Wallace Pierce, who said he came to the council meeting to “voice my dismay to the proposed increases” reminded everyone that with the widespread housing foreclosures happening in Lathrop, a boost in the monthly utility bills will be an additional financial impact to “people who are barely hanging on.

“I’m currently unemployed myself,” he said.

Among the speakers was Cory Mateo, wife of Council member Christopher Mateo.

“I’m not really here for me,” she prefaced her short speech. “I’m speaking on behalf of people in the community especially the seniors.”

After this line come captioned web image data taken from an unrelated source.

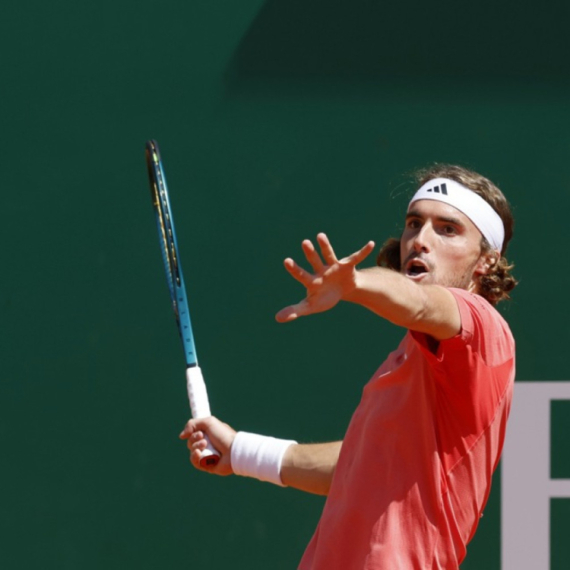 Cicipas počistio Rusa i prvi zakoračio u polufinale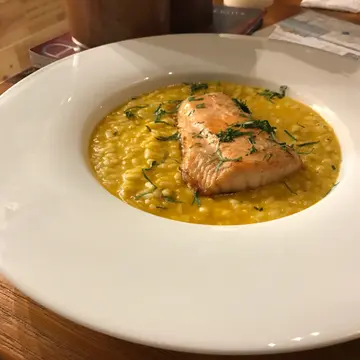 南瓜意大利燉飯配香煎挪威三文魚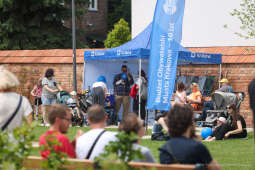 bs-230702-img_1909.jpg-Park, Szymborska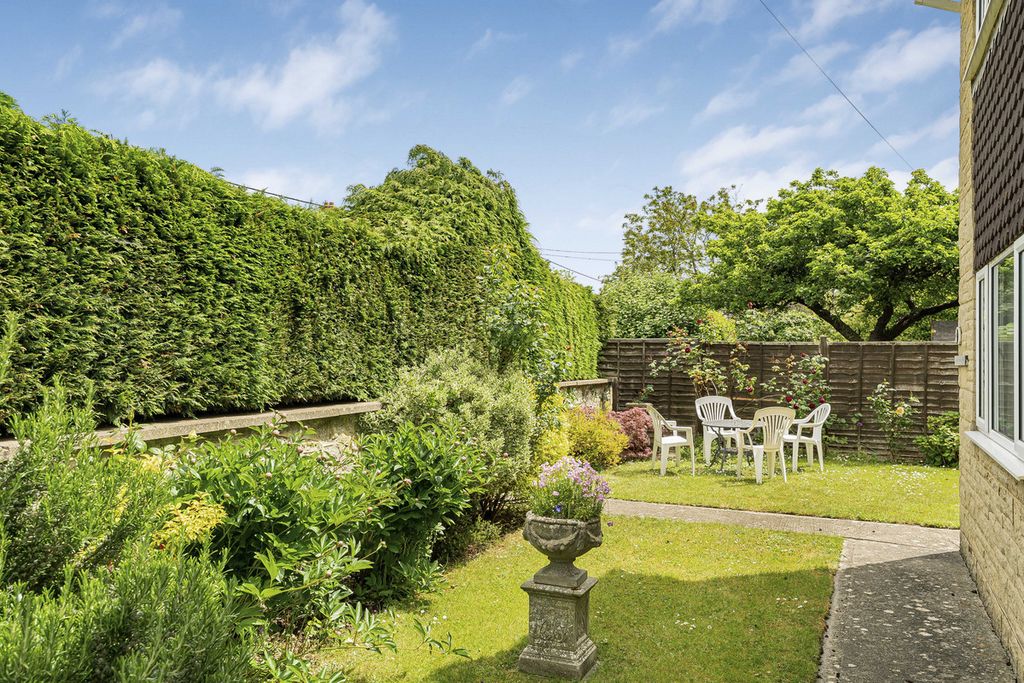 Additional image 6 of 4 bed detached house for saleThe Moors, Kidlington OX5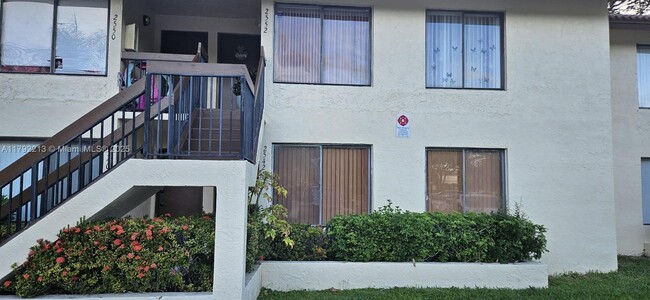 Foto del edificio - 2542 Riverside Dr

She said being a volunteer with the city’s Brown Bag and Commodities program, both geared primarily to seniors who are on fixed income, and delivering food to their homes, she has seen the poverty that many of them are living through.

“I don’t think they can afford (the rate increase,)” she said. Not only are they on fixed incomes, “they have disabilities too,” she added.

With some people on the brink of foreclosure or facing foreclosure and are “hanging on their fingernails, do you think this hike is justified?” asked another resident.

One suggestion offered by the council for residents who need financial hand-up in their monthly expenses is to sign up for the city’s CARE program offered to those who are either on fixed income, are low income or are unemployed. About 219 residents are currently taking advantage of this program, according to city records.

The current proposal would see a monthly increase in water and sewer bills from $2 to $5 a month in three to five years for water, and from $4 to $5 dollars at the same increments for the same time period, depending on whether the residents live on the east side or west side of town. The disparities are due to a number of factors including special tax districts.

The public hearing on the proposed rate increases will be continued at the next council meeting to give staff time to look for other ways and means to pare down the proposed increases.